┌────────
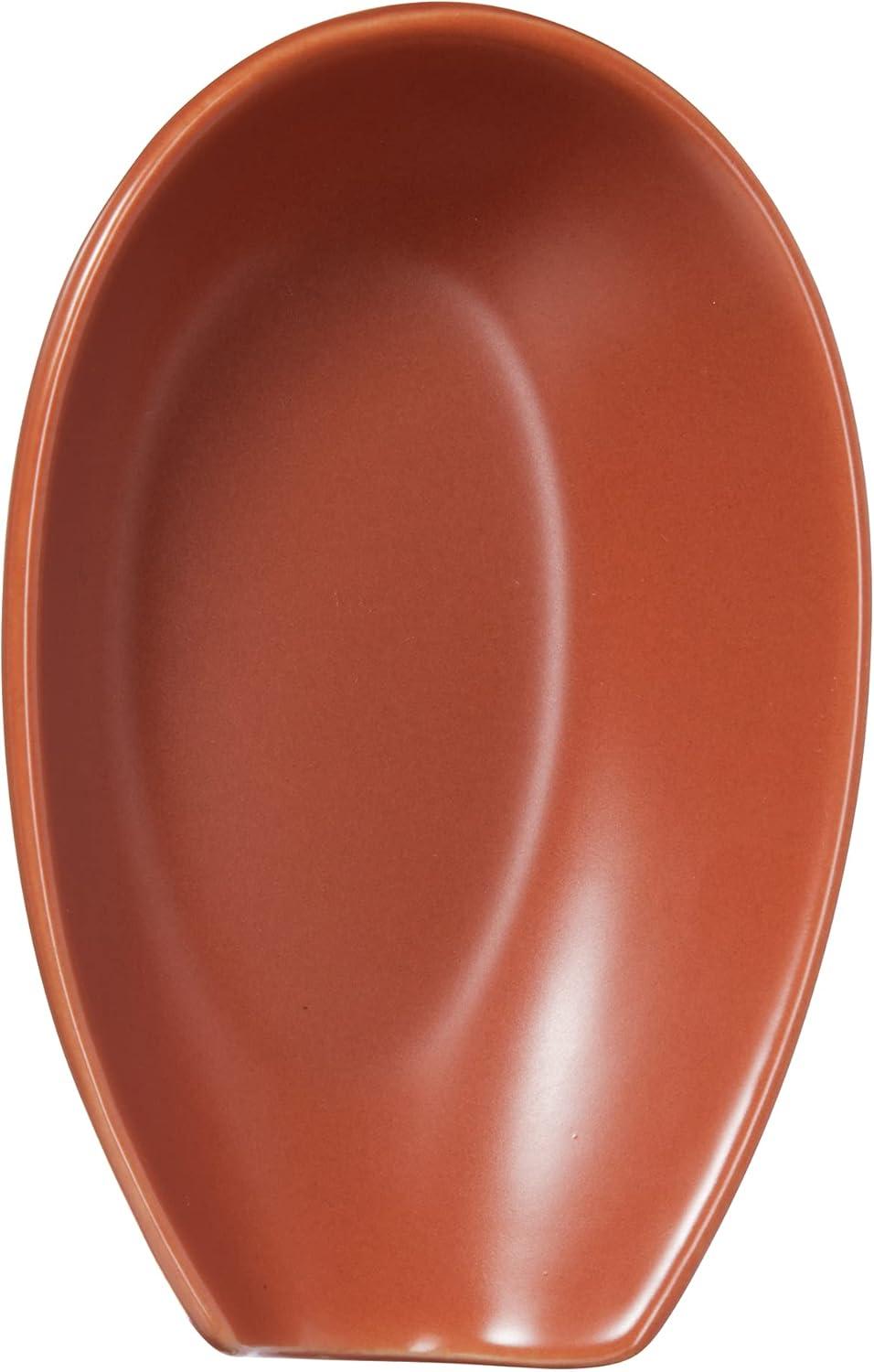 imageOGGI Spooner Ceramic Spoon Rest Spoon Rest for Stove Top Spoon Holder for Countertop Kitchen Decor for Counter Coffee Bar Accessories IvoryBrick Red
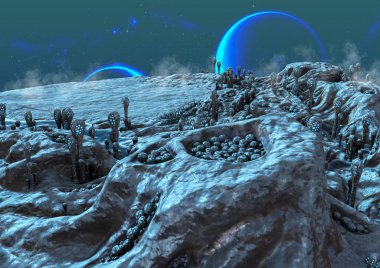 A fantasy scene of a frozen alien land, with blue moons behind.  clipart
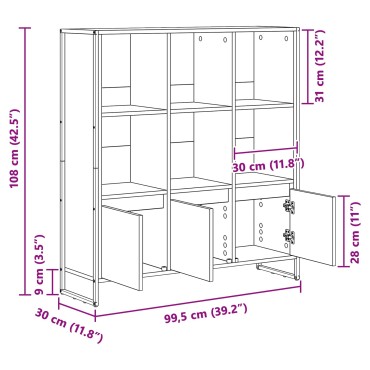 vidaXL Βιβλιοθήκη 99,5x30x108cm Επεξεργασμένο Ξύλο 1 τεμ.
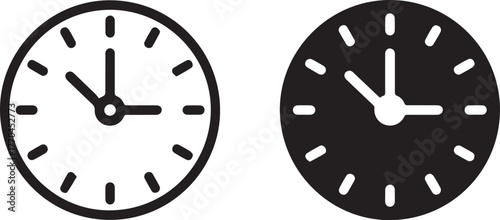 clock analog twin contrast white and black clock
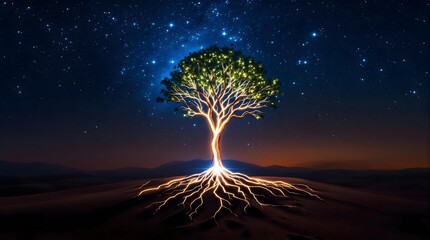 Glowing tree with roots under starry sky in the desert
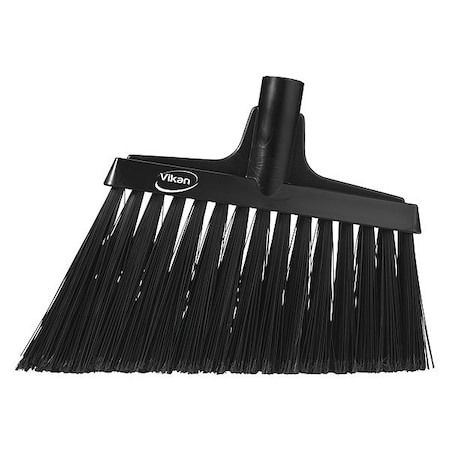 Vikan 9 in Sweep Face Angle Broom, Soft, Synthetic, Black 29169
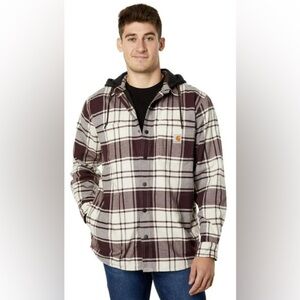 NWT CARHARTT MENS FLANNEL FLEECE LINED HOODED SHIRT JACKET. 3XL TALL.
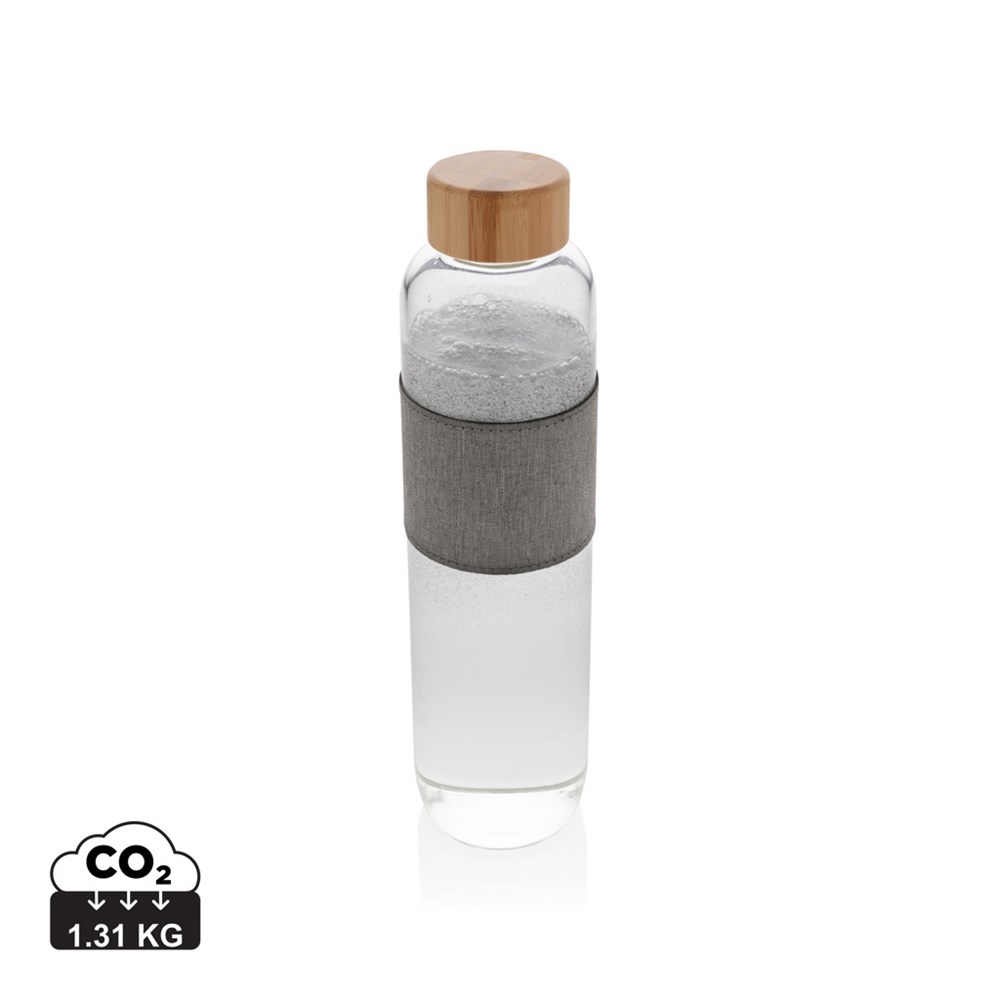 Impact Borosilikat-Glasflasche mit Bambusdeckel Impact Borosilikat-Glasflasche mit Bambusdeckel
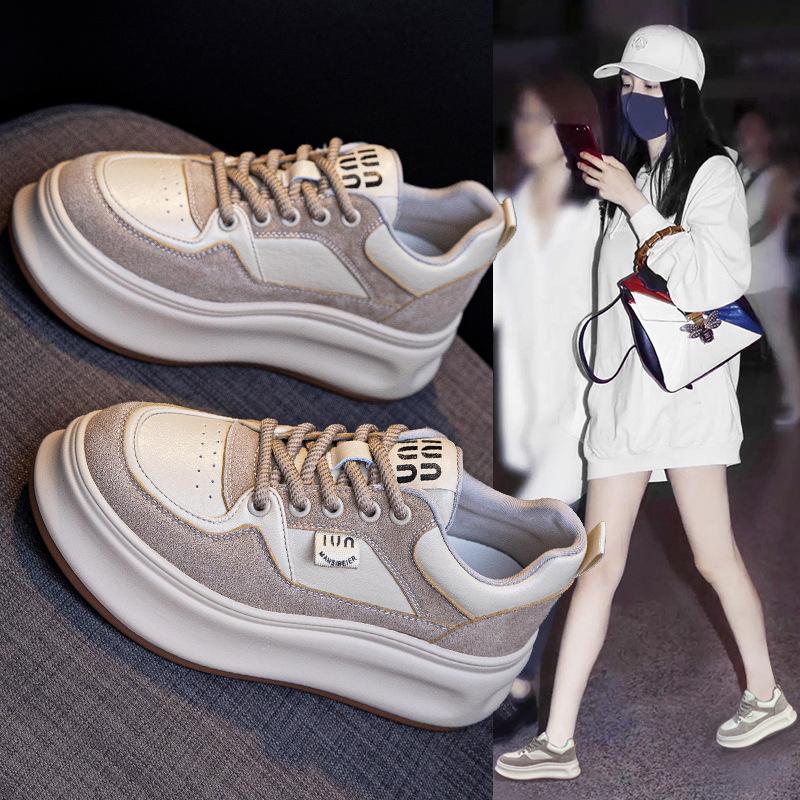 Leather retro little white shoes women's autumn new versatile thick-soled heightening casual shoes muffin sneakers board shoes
└────────
BRIEF. The output should hold only the lines from the one containing "A fantasy scene" through the last line of the listing, reproduced exactly, pictures omitted.

REPLY.
 A fantasy scene of a frozen alien land, with blue moons behind.  clipart
 vidaXL Βιβλιοθήκη 99,5x30x108cm Επεξεργασμένο Ξύλο 1 τεμ.
 clock analog twin contrast white and black clock
 Glowing tree with roots under starry sky in the desert
 Vikan 9 in Sweep Face Angle Broom, Soft, Synthetic, Black 29169
 NWT CARHARTT MENS FLANNEL FLEECE LINED HOODED SHIRT JACKET. 3XL TALL.
 Impact Borosilikat-Glasflasche mit Bambusdeckel Impact Borosilikat-Glasflasche mit Bambusdeckel
 Leather retro little white shoes women's autumn new versatile thick-soled heightening casual shoes muffin sneakers board shoes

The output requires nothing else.